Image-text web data

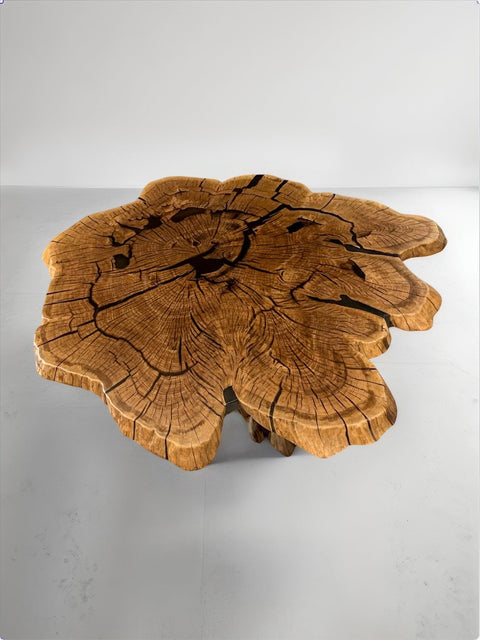 Organic coffee table from oak roots with smoky matte resin Vista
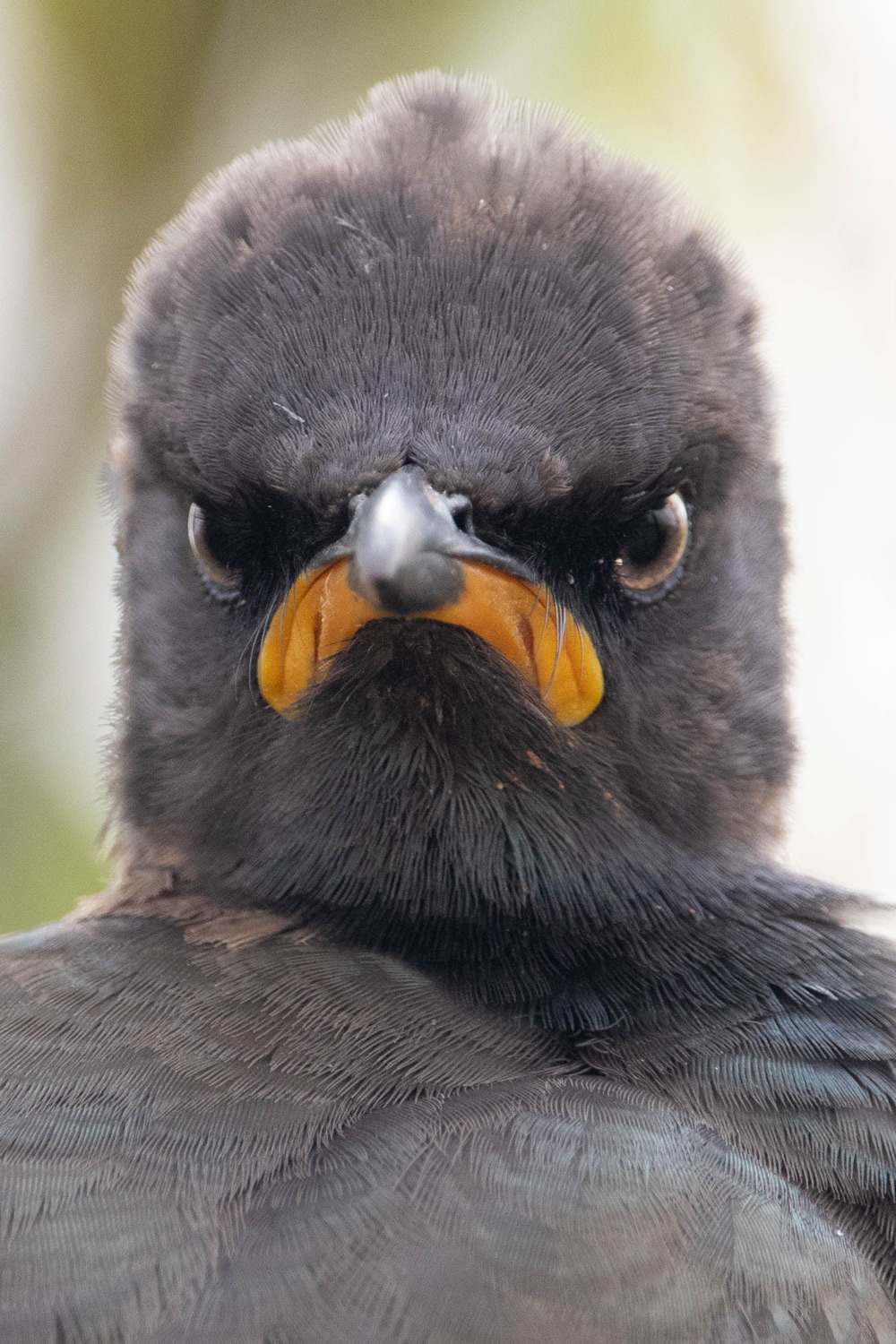 Best Entries So Far From Comedy Wildlife Photography Awards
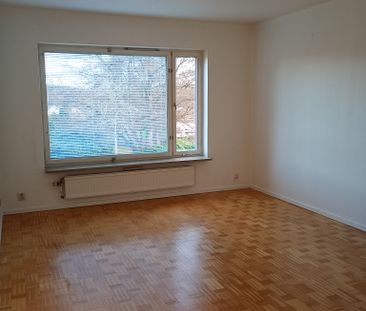 Ekbacken, Asarum - Foto 1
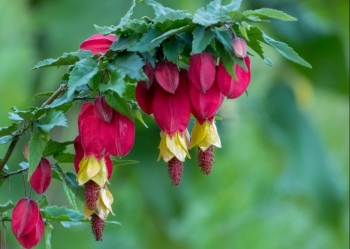 Loài hoa tên dân dã lại là biểu tượng của may mắn, hạnh phúc đang gây sốt dịp tết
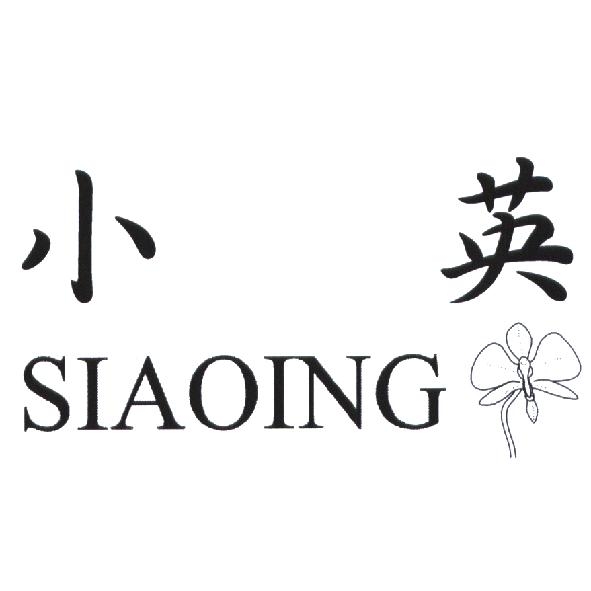 小英 Siaoing 及圖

* _What you are asked to do_
A word-for-word copy of all the data is required, minus the pictures.

* _Written answer_
 Organic coffee table from oak roots with smoky matte resin Vista
 Best Entries So Far From Comedy Wildlife Photography Awards
 Ekbacken, Asarum - Foto 1
 Loài hoa tên dân dã lại là biểu tượng của may mắn, hạnh phúc đang gây sốt dịp tết
 小英 Siaoing 及圖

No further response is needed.